Plus d'un mois après sa contamination, Richard Whelan, chirurgien colorectal de 63 ans à New York, n'a pas de preuve qu'il a les anticorps, car contrairement à Detroit, les tests ne sont pas encore largement disponibles dans la métropole. Son Covid l'a cloué au lit 12 jours, Richard était "terrassé".

Son hôpital, Lenox Hill, a annulé les opérations non urgentes et le médecin prête main forte dans une unité de 24 lits Covid.
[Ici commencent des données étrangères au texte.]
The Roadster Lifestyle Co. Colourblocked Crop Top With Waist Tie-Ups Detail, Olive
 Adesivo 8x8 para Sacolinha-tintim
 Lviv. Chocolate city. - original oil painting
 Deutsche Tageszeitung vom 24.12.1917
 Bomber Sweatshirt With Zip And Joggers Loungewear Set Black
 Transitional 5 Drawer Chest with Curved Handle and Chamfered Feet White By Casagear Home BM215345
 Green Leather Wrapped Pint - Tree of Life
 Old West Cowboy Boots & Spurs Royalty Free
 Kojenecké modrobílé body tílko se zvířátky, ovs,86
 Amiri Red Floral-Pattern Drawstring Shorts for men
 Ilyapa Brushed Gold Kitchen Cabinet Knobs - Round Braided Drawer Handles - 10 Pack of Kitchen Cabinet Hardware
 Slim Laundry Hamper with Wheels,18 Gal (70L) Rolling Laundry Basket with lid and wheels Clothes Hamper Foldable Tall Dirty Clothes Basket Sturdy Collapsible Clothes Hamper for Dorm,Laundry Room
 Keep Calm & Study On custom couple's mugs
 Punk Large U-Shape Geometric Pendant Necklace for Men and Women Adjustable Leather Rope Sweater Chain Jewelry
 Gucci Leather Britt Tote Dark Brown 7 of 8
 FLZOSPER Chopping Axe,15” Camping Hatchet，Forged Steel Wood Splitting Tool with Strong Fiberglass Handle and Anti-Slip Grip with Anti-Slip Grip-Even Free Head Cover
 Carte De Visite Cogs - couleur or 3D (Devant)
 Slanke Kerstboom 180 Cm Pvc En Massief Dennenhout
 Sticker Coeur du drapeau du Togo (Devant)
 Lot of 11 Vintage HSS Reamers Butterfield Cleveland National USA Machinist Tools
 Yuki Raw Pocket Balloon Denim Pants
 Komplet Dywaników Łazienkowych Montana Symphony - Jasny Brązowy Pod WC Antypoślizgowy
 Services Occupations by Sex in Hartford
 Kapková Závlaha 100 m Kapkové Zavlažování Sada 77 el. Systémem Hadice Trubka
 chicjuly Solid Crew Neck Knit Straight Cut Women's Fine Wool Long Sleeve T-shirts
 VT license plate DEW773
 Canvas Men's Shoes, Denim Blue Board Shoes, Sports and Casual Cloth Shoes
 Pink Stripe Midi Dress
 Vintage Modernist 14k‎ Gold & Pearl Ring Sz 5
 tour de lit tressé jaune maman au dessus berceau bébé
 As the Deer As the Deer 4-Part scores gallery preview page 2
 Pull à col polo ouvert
Il y porte, comme tout le monde, masques et blouses.

"Je ne veux pas contaminer ma femme et ma fille", dit le docteur.

L'incertitude concerne aussi sa propre récupération. "Je ne veux pas encore donner mon plasma sanguin car j'en ai besoin, j'ai besoin de mes anticorps pour me protéger", explique le sexagénaire à l'AFP, alors que New York organise la collecte de plasmas de gens guéris dans l'espoir qu'ils dopent des malades.

De l'autre côte du continent, à Seattle, où l'épidémie a commencé tôt, Terry West, infirmière aux urgences d'un petit hôpital, reconnaît un certain "soulagement" d'avoir fait partie de la première vague et d'avoir survécu. Elle a repris le 5 avril.

Mais quelle tranquillité d'esprit, quand son mari, passé par un cancer des poumons, reste vulnérable?

"Je continue à mettre blouse, masques et gants. Je ne veux pas tenter le diable", dit l'infirmière, 55 ans, qui n'a eu que des symptômes modérés.

Même si le risque est considéré comme faible, elle ne veut pas ramener de particules virales sur ses vêtements ou ses cheveux.

Terry n'a donc pas moins la peur au ventre que ses collègues non infectées.

L'infirmière tente quand même un peu le diable: elle se porte régulièrement volontaire pour entrer dans les chambres des patients les plus risqués, ceux qui sont aidés par un type de machines à oxygène qui relâchent dans la pièce l'air expiré (et souillé).

Si les collègues "ont des enfants ou une personne âgée à la maison, je veux bien y aller à leur place", dit Terry.